Your objective
Reproduce exactly the entries from the "POMPA ACQUA DAYCO" line to the end. Skip all pictures.
•••••
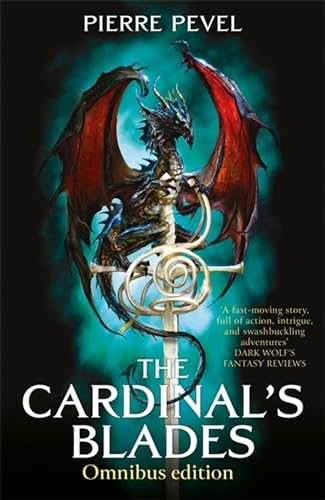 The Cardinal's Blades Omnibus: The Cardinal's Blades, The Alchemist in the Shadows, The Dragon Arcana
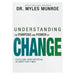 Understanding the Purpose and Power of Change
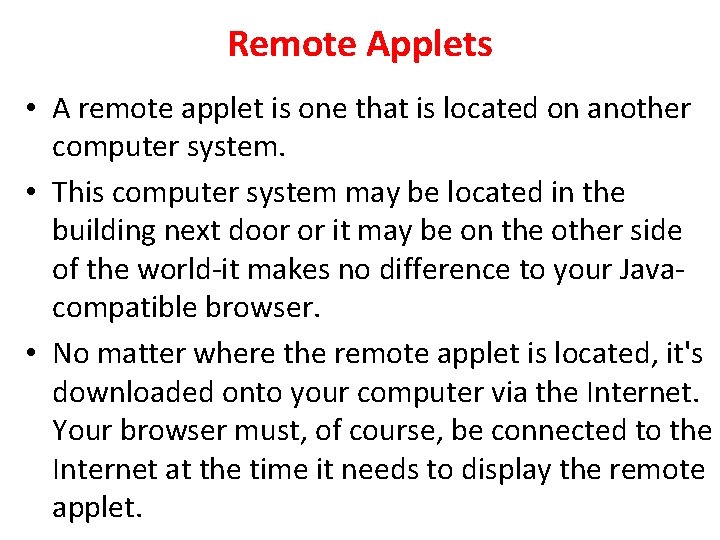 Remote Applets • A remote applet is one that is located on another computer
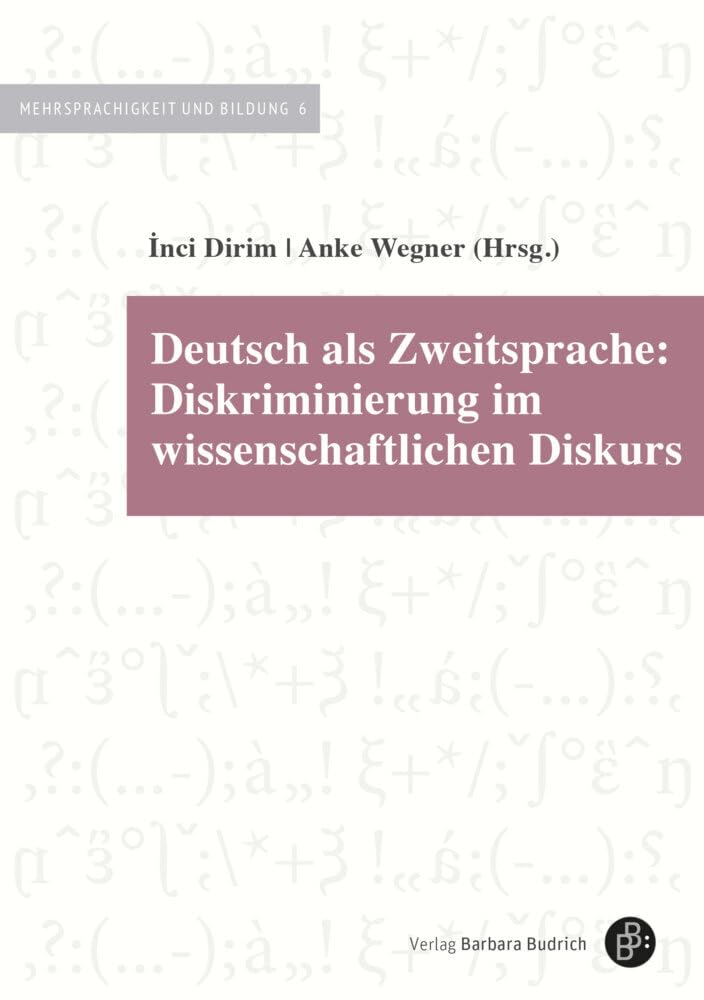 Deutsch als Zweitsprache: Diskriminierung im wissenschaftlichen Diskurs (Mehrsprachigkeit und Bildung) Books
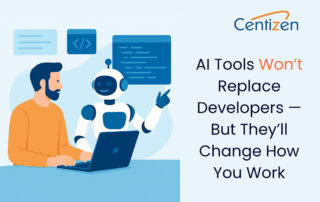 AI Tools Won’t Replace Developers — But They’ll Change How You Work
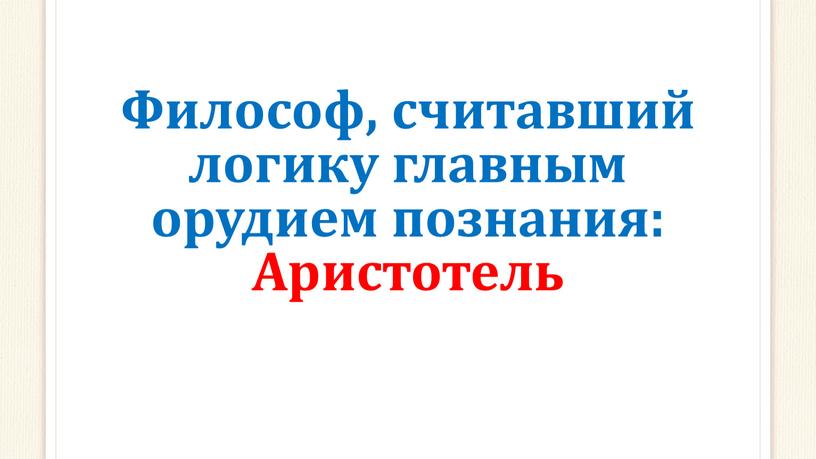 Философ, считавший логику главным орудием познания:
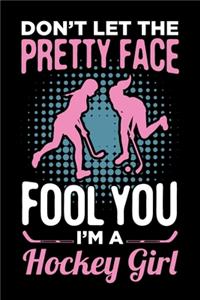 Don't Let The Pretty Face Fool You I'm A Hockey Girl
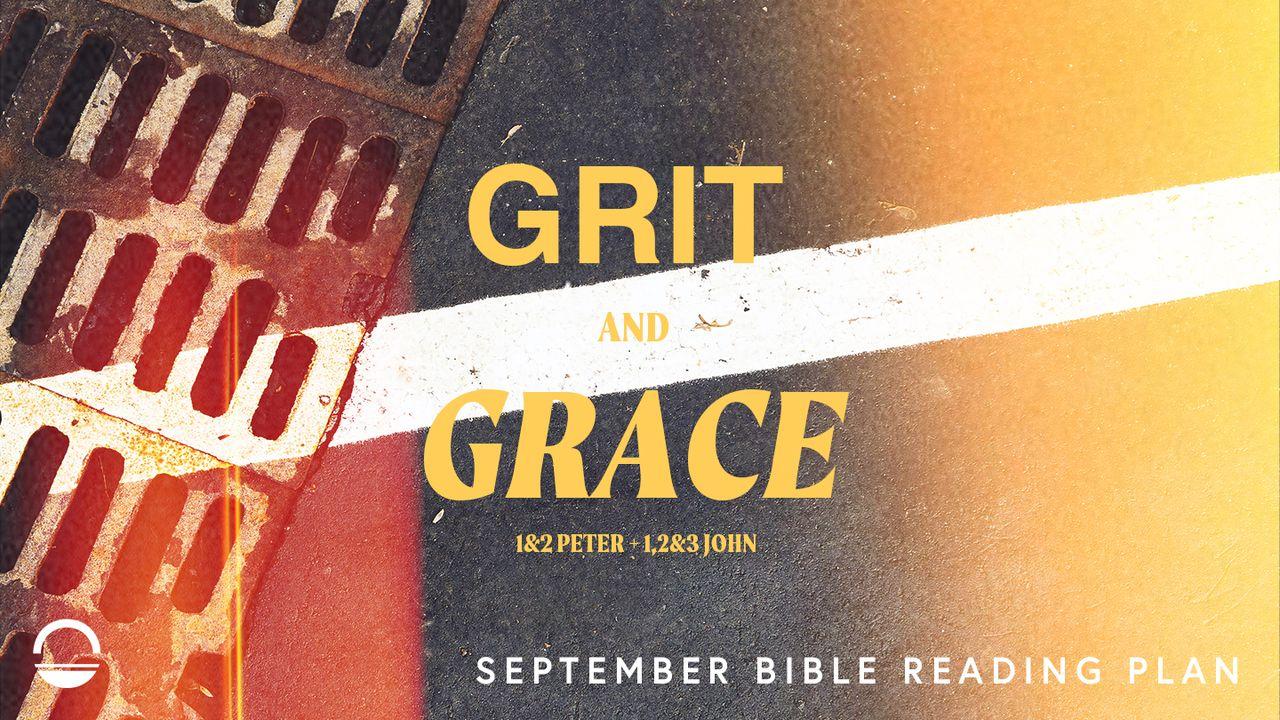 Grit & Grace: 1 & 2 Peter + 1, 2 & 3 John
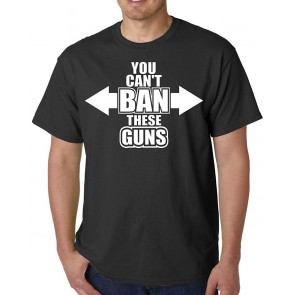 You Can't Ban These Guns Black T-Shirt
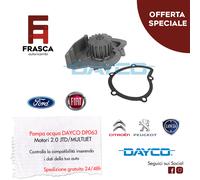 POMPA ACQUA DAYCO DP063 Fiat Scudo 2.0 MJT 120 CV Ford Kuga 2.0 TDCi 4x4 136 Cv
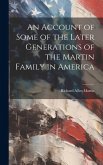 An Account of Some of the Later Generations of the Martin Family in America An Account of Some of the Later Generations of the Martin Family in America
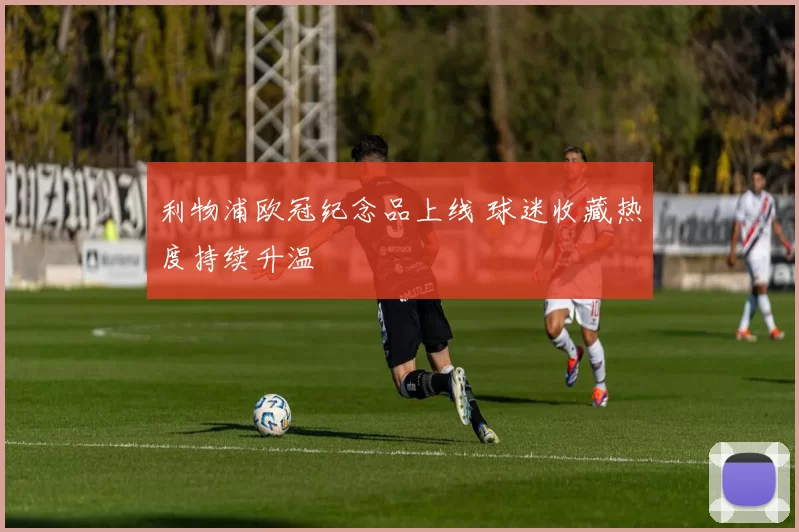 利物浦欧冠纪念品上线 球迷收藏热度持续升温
•••••
Answer box
 POMPA ACQUA DAYCO DP063 Fiat Scudo 2.0 MJT 120 CV Ford Kuga 2.0 TDCi 4x4 136 Cv
 An Account of Some of the Later Generations of the Martin Family in America An Account of Some of the Later Generations of the Martin Family in America
 利物浦欧冠纪念品上线 球迷收藏热度持续升温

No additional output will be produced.